Montana’s David Hutchison and Kingston, Ontario’s Bob Ross kayaked to a first place overall finish, reaching Dawson in 44:51:07.
“(We’re) a little tired, but the race went really well,” said Hutchison. “We had real consistent time, felt strong all the way through. We had huge headwinds this side of Carmacks that second night. Then coming into Dawson they were even worse.
“The last 20 or 30 miles, it was blowing so hard, if we stopped paddling I think we would have gone back to Whitehorse.”
They made a good team, but they didn’t even know each other a couple months ago.
Ross called Hutchinson, last year’s solo kayak winner, out of the blue and convinced him to form a tandem team.
“He has done the race before as well and saw that I won the race last year, so he called me up and convinced me I should go race again this year,” said Hutchison. “I was a little uncertain but eventually he talked me into it.
“I’ve never raced tandem before – I never really paddled tandem before this. It was a whole new thing for me.”
Ontarian tandem canoe team of Gaetan Plourde and Jeff Brainard, who are both past solo champs, placed second overall at 45:33:46.
B.C.‘s Gus Oliveira and Chris Spoor placed third overall – second for men’s tandem kayak – at 46:40:51.
A Canadian-U.S. voyageur team with paddlers from B.C., Michigan, California, and Colorado, took fourth overall at 49:29:17.
North Vancouver’s Martin Rother raced to fifth overall and was the top soloist at 49:29:30.

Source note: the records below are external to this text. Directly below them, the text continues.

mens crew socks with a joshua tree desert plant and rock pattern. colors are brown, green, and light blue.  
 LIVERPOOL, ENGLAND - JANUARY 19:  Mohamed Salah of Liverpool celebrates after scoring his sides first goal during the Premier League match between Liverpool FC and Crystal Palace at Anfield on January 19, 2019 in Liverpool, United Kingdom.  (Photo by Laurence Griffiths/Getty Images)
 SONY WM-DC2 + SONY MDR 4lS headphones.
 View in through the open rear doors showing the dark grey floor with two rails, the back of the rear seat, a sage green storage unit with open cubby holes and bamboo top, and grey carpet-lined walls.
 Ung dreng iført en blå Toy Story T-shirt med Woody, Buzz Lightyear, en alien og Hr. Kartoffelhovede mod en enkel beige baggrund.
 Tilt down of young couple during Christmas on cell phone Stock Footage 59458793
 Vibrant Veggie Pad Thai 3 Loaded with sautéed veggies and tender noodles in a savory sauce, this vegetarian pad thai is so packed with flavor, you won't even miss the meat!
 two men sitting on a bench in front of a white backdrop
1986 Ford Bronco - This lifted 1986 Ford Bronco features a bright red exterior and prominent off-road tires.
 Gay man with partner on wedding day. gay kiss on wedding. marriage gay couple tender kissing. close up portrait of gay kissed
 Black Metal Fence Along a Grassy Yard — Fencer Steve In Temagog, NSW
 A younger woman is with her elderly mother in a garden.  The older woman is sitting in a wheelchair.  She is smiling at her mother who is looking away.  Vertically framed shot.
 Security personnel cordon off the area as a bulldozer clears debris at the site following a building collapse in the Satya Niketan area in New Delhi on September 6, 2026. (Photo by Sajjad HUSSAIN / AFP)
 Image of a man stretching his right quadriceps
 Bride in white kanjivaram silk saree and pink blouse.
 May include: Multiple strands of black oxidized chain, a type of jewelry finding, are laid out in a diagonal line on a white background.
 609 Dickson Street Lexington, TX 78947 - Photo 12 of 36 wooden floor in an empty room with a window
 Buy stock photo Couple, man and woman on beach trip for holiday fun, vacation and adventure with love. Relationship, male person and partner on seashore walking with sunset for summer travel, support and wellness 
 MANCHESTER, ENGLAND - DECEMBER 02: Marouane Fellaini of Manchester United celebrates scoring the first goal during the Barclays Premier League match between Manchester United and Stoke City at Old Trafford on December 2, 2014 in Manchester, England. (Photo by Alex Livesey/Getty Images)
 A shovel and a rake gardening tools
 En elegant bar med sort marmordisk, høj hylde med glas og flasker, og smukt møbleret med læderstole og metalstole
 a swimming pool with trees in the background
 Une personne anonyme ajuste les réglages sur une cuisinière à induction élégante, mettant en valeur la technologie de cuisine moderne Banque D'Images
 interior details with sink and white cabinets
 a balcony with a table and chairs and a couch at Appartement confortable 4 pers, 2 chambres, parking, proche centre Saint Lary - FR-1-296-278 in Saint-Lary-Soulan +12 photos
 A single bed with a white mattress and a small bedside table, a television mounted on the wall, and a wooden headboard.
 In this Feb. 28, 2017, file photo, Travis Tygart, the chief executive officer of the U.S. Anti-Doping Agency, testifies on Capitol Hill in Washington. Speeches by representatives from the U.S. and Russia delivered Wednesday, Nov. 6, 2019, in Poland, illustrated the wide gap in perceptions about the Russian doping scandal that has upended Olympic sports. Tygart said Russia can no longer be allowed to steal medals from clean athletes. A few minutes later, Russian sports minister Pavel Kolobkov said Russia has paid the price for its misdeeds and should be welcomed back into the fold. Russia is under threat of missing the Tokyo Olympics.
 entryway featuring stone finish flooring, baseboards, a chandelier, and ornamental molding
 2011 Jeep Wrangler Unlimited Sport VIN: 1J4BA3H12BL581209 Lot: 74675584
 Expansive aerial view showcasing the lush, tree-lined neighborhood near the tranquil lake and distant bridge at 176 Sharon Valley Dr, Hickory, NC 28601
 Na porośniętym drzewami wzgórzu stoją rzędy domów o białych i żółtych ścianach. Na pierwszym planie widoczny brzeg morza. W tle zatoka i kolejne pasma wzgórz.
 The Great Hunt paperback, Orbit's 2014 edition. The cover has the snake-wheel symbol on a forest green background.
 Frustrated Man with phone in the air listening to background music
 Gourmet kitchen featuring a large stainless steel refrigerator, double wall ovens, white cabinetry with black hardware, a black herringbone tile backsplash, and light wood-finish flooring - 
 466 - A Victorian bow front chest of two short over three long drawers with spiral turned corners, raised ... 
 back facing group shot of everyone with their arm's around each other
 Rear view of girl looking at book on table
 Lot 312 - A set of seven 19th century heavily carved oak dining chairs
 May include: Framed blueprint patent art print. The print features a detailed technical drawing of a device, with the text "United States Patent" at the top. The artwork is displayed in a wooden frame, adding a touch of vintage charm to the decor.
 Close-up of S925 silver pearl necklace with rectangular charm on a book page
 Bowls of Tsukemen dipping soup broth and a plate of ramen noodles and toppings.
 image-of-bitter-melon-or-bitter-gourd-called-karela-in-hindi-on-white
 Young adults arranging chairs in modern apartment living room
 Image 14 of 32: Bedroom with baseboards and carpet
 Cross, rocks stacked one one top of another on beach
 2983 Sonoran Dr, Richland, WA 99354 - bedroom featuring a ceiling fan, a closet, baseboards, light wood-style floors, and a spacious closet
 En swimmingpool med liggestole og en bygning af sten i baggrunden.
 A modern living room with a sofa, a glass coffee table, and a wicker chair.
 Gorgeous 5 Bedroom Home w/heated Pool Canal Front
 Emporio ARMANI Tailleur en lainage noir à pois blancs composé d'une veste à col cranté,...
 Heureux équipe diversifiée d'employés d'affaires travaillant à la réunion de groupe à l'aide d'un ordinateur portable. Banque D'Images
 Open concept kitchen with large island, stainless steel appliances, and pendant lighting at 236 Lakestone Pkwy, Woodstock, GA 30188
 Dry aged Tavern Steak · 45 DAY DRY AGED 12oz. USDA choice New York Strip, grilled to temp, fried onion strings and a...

A dozen countries were represented in this year’s race, as well as nine Canadian provinces and territories. A total of 44 boats reached the finish line from the 57 that started. The race was held with the help of about 100 volunteers.
“The enthusiasm of the volunteers on the river is outstanding,” said Quest president Harry Kern. “We have interesting people out there from all over helping our race … and a lot of them are repeat offenders and keep coming back year after year.
“One of the things about this race, a lot like the Yukon Quest (dog sled race), it doesn’t really stop. So for the volunteers, it becomes a 24-hour or more of no sleep environment, just like with the paddlers. The guys at Five Fingers Rapids, making sure no one spills, it’s a 24-hour shift.”